Story and interesting video here:
June 09, 2019 11:03 PM
Scientific testing has confirmed a fish caught in the Brainerd Lakes Area is very rare. It’s a huge and bright orange fish that many have never seen before.
Anglers bring a lot of interesting fish into Wild North Taxidermy, located outside of Brainerd. But this one is different, as it’s a mystery.
It looks like a giant goldfish, but it’s not– they are carp.
What Jason Fugate caught bow-fishing in late April, on a lake he wishes to keep secret, is a bright orange, bigmouth buffalo fish– the largest in the sucker family.
Jason was wearing a camera on a head-strap. The video shows the fish appearing as a big, white blip in the water. He says it glowed. He fired twice and missed. He finally hit the big fish on his third try.
“Got him on the last shot” said Fugate. “Really it wasn’t until after he was in the boat that I even realized what this fish was. And that it was so orange and you know, so big.”
The bigmouth buffalo weighed 33.1 pounds and was 38 inches long. Remarkable for its size and rare for its orange color.
After checking with local experts, Fugate was referred to NDSU Biologist Dr. Alec Lackmann. He’s looked at thousands of bigmouth buffalo and just published a research paper Bigmouth Buffalo Ictiobus cyprinellus sets freshwater teleost record as improved age analysis reveals centenarian longevity.
“But when I saw the first pictures that Jason sent me I was actually pretty shocked because it was a bright, vivid orange,” said Lackmann. “I had never seen something like that all across the entire body of the fish.
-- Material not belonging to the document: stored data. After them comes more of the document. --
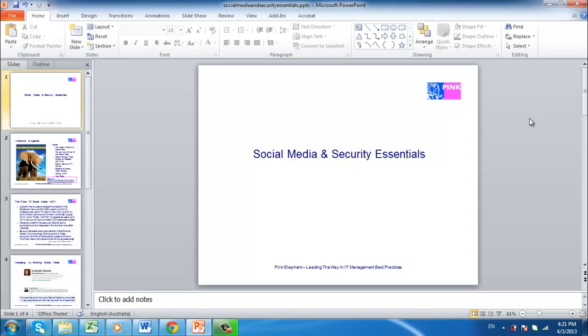It's an unfortunate reality that sometimes in a software update a useful feature is removed. This was the case with the table of contents feature in PowerPoint 2010. This tutorial will show you another way to create a table of contents in PowerPoint.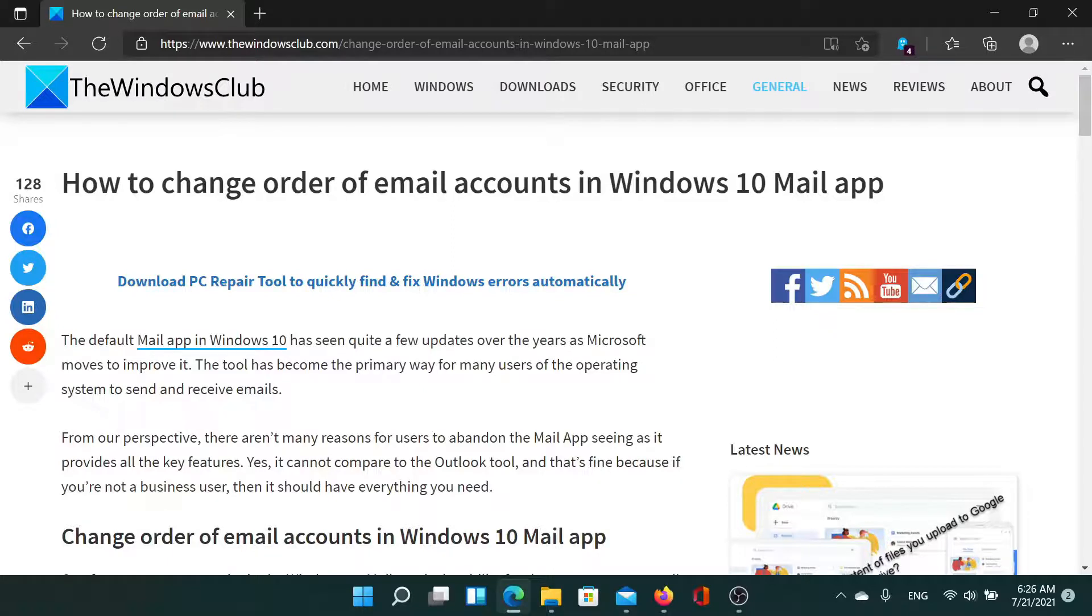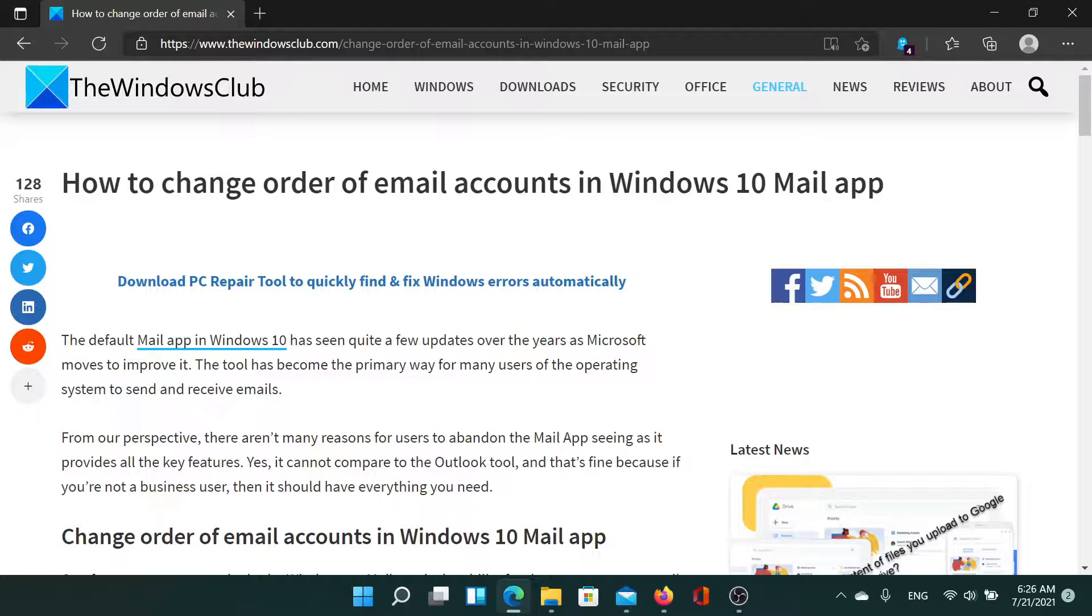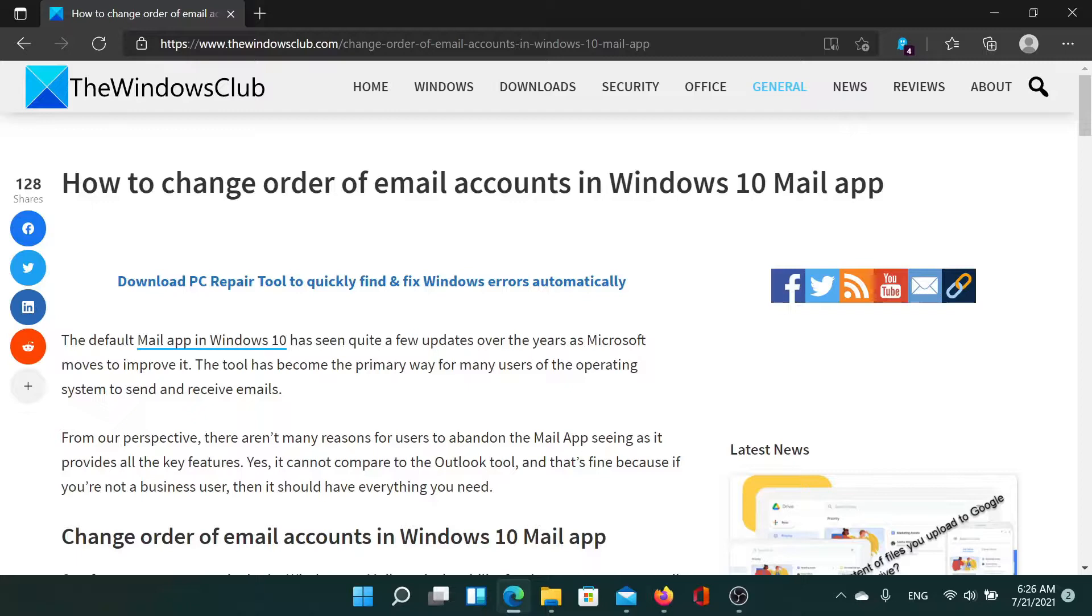If you have any doubts, please go to the original article on The Windows Club, scroll down to the comment section, and write your query. We will surely answer to it. Do not forget to subscribe to the channel. Thank you for watching this video and have a nice day.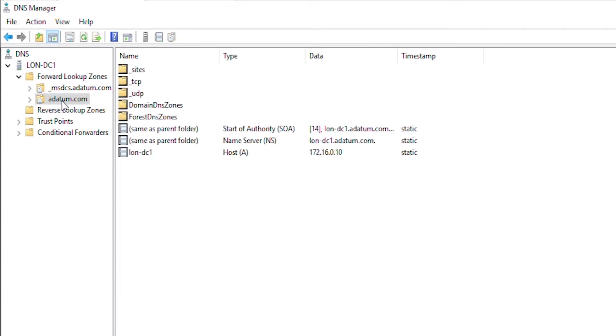The adatom.com domain has been added. Also, inside that domain, I can see there are SOA records, NS record and a host record for this machine.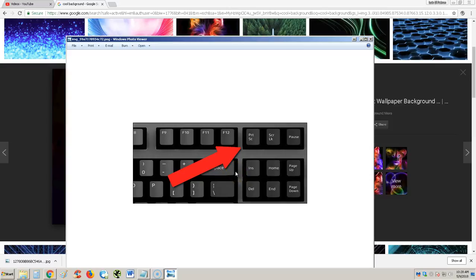Alright guys, in this quick video I'm going to show you how to take a screenshot of your screen on your Windows computer. This can work on anything from Windows XP all the way up to Windows 10.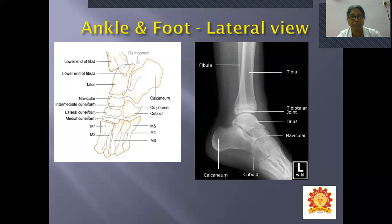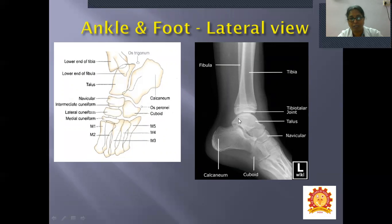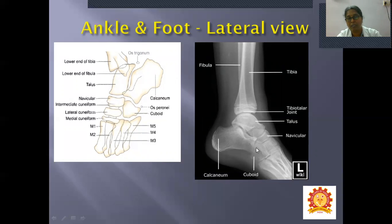In the lateral view of the ankle and foot: the lower end of the tibia is seen with the fibula deep to it as a slim structure. The ankle joint space is visible. The dome-shaped talus lies below. In front of the talus is the navicular; the calcaneum projects backwards to form the heel, and in front of the calcaneum is the cuboid.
So it was really striking and it surprised me, even though I’ve looked at thousands of bigmouth buffalo over the past eight or nine years.”
Lackmann removed the otolith from the fish. The stones in the ear can determine age.
“One of my hypotheses is that it’s just a very old fish,” said Lackmann. “And it might have just accumulated a lot of things over its lifetime. And that’s why it was just so vivid orange like this.”
Lackmann says bigmouth buffalo are misunderstood. They are native fish that are good for lakes and rivers. And they live longer than anyone realized.
“So it was previously thought that they could live 10 to 20 years max, maybe 30 years. But some of the first fish I began aging in Minnesota were well over 85 years old, even up to 110 years of age,” said Lackmann.
After careful examination back at his lab at NDSU, Lackmann confidently believes this is one of the oldest bigmouth buffalo fish he’s ever seen. And its age has something to do with its bright orange color.